When not on EHU (the norm!) we are perfectly happy to leave our Truma C6000E on gas heating all night.

We do turn it down at night though, to about 15°C.

Next project is a remote control system (possibly a long stick!) so that we can turn it back up to 20°C before we get up!

When parked up at home we leave it on EHU with the heating just cracked on at the lowest setting.
It prevents the dumping scenario.


----------



## Nauplia (Sep 30, 2007)

*Heating in winter*

Hi

The dump valve on the boiler is triggered by the temperature in the space that the boiler sits in. It is not set off by the outside temperature - unless its the same inside your van. Our boiler is inside a locker and the locker has the trunking for the hot air heating passing through. While ever the heating is on then the boiler will not dump. We were in the Alps skiing last winter and one night it dropped down to -21C. We were snug inside and the boiler still worked.

We were on an EHU and paid for 10 amps of power. This ran the Truma Ultraheat 24 hours a day, plus the fridge etc.. We occasionally used gas to boost the temperature. 10 amps was a bit expensive but like you, we don't like to be cold.

Hope this helps but above all enjoy your van even when its arctic outside.
Oh yes and trying skiing. Its great.


----------



## hogan (Oct 31, 2006)

I was going to post a reply as most of our camping is done in winter down to -20 but all the above is sound advice .


----------



## Kilcoosy (May 17, 2009)

*Re: Heating in winter*



Nauplia said:


> Hi
> 
> The dump valve on the boiler is triggered by the temperature in the space that the boiler sits in. It is not set off by the outside temperature - unless its the same inside your van. Our boiler is inside a locker and the locker has the trunking for the hot air heating passing through. While ever the heating is on then the boiler will not dump. We were in the Alps skiing last winter and one night it dropped down to -21C. We were snug inside and the boiler still worked.
> 
> ...


Thanks Nauplia,
Just out of curiosity is your MH winterised? We do ski and would love to take the MH but I reckoned that it would have to have the addition of the Dethleffs winter pack. Is this the case?

Thanks


----------



## jhelm (Feb 9, 2008)

I think it's more important to worry about the MH when it's stored in Winter than when you are using it.
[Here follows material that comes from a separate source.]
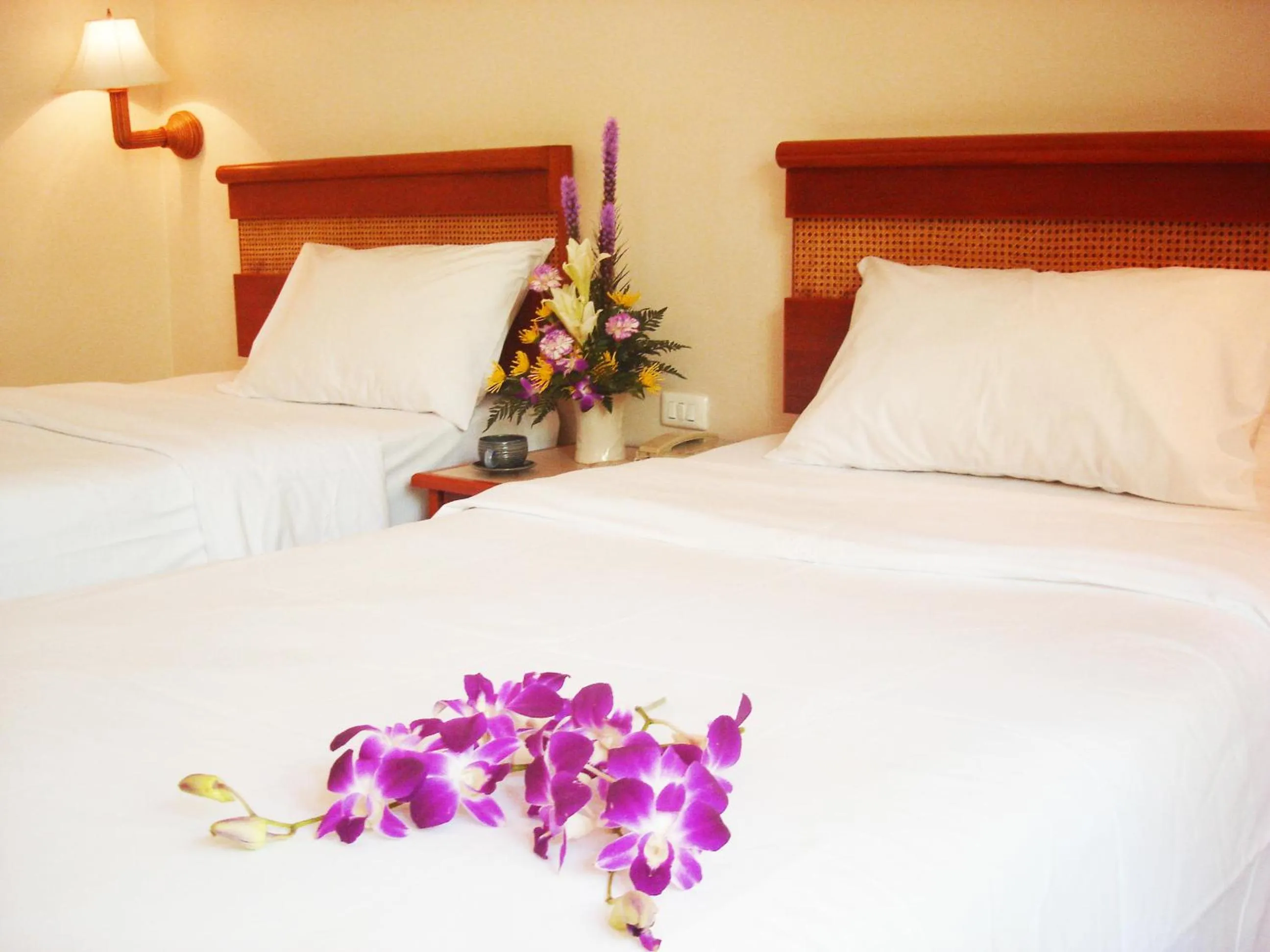 Bedroom, Bed in Sunset Mansion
We use ours for weekend ski trips and it's a pain each time we come home to put it in storage, drain water, etc. if you don't blow the water out of the pipes they may freeze. We put a bit of antifreeze in each drain. Of course if one can keep a small elec. heater inside it's much easier, but also costly.

We leave the gas heat on at night turned down to around 15. Sometimes we use a small radiant electric heater when on EHU. Especially when we are out for the day rather than using up our gas. For the water one can turn off the space heating but leave the hot water turned on to prevent it dumping the water. I've thought about the clothers pin on the valve solution but I'm afraid to try it as the consequences of a frozen heater would be very costly. 

I don't believe our year 2000 Hymer has any particular winterizing beyond the basics. Our grey water tank is outside so it's valve will freeze up. Some people let it drip a bit to keep it open.


----------



## pippin (Nov 15, 2007)

_Some people let it drip a bit to keep it open._

I am of that age too!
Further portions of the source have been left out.